I miss him sometimes.
It’s that simple.
And I think that is what I miss – the simple.
I miss the energy we shared. I missed the eagerness he had to see me. The fact he would go out of his way to make me feel special to him. I miss the care he would give me. Hearing I was sick was a reason to make sure I wasn’t alone – not a reason to stay away. I miss that feeling that I would have – that I was special to someone.
I often wonder if the reason I felt this way was because our relationship was surface only. Sex, kink, and small talk. Nothing big was ever talked about. I never felt he really knew the Emmy others know. He knew the basics. He knew enough. Nothing more – nothing less. He enjoyed the illusion as did I. I never had any delusions of that.

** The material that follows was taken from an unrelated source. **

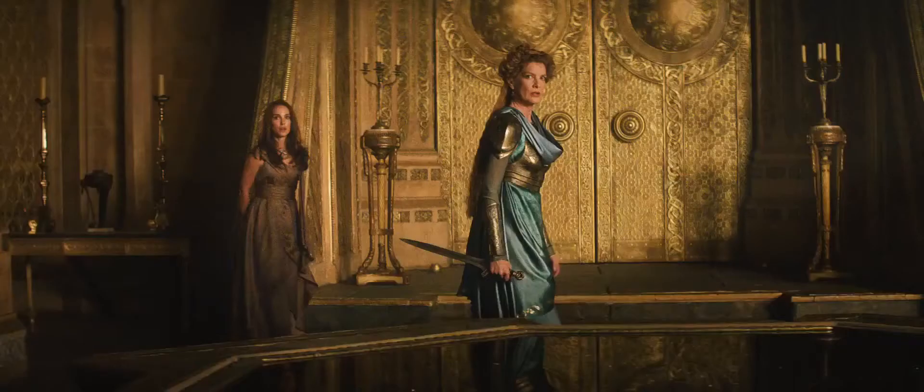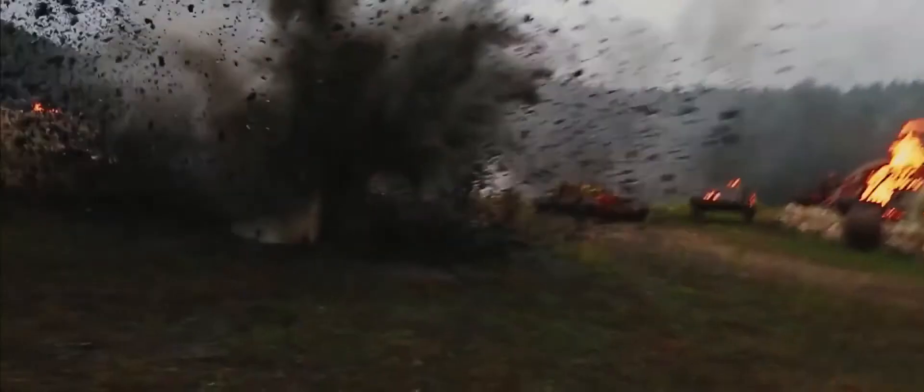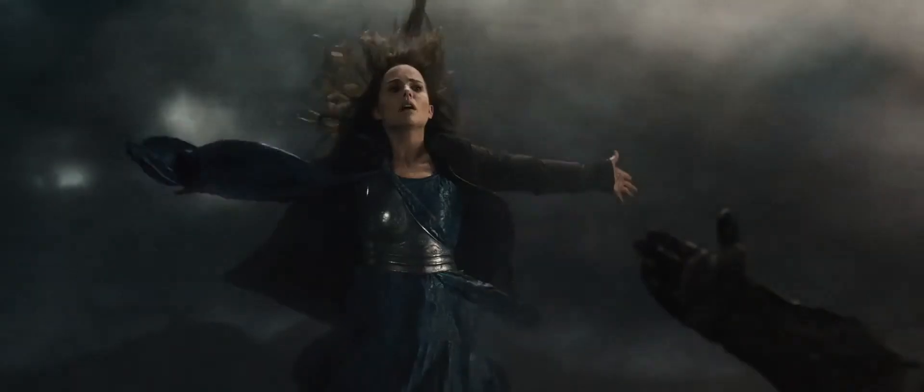Ask yourself, what will you sacrifice for what you believe?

He was my vacation and I was his.
I guess I’ve been missing him recently because I don’t feel special to anyone right now. I feel like I’m a means to an end. I feel like those who know me don’t have any eagerness around spending time with me. I feel they know too much. They know I’ll be fine. I’ll be there when they want me. I’ll think to much before cutting them off. I’ll care too much to just walk away.
Every relationship I have had where they have known me has led to this point.
On one hand, it make me say ‘fuck ’em – I don’t need that.”
On the other hand, it makes me wonder what’s wrong with me.
Because I am beginning to see a pretty significant pattern.
A pattern I don’t like.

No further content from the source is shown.